Il rapporto con le dinamiche convergenti ma anche concorrenti tra il nostro sistema produttivo e quello tedesco hanno in questo momento una condizione sospesa che non sarà più tale fra sei mesi.  L’esito della riorganizzazione del bilanciamento della copertura delle necessità energetiche avrà il suo peso.  Tutto ciò non è semplificabile in qualche battuta. Ma è anche traducibile in un rischio di maggiore evidenza dei fenomeni di pirateria dei percorsi di posizionamento di alcune forza politiche in cui la confusione dell’attuale quadro frastornato del parametro destra-sinistra potrebbe avere imprevisti e imprevedibili sviluppi.

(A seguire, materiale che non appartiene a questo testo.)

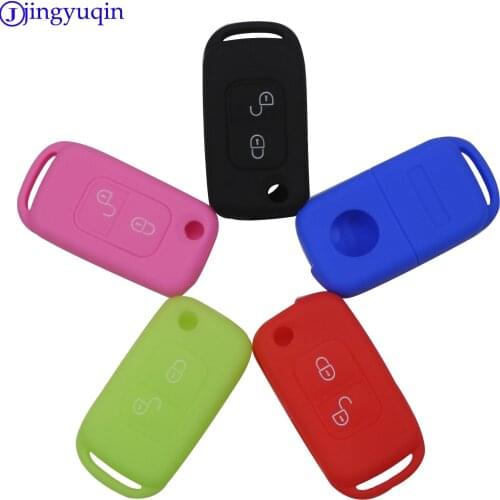 Jingyuqin Silicone Key Fob Case Cover For Mercedes Benz E113 A C E S W168 W202 W203 Two 2 Buttons Flip Folding Car Accessories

Il coraggio di dire con qualche evidente pressapochismo se il destino dell’Italia sia di uscire “a destra” oppure “a sinistra” rispetto al quadro di crisi – quello che tra il biennio della pandemia e l’anno (per il momento diciamo così) della guerra nel cuore dell’Europa si è manifestato con ancora oscure conseguenze sulla qualità della nostra democrazia – lo può sfoderare ora solo chi ha la sfacciataggine dell’azzardo. Quello che è evidente è che la voce (corrente fino a un anno fa) di pensare all’allontanamento della scadenza elettorale per la certezza quasi condivisa da tutti del destino italiano di andare incontro ad un esito favorevole al centro-destra,  è oggi una voce se non rientrata, certamente alterata.

Ma la destrutturazione della politica italiana intesa come “sistema” non autorizza a proporre una voce diversa più attendibile.

Conclusione banale. Ma anche di estrema responsabilità per tutti coloro che, dentro o fuori le istituzioni, hanno figli e nipoti a cui lasciare un territorio morale e materiale su cui scommettere.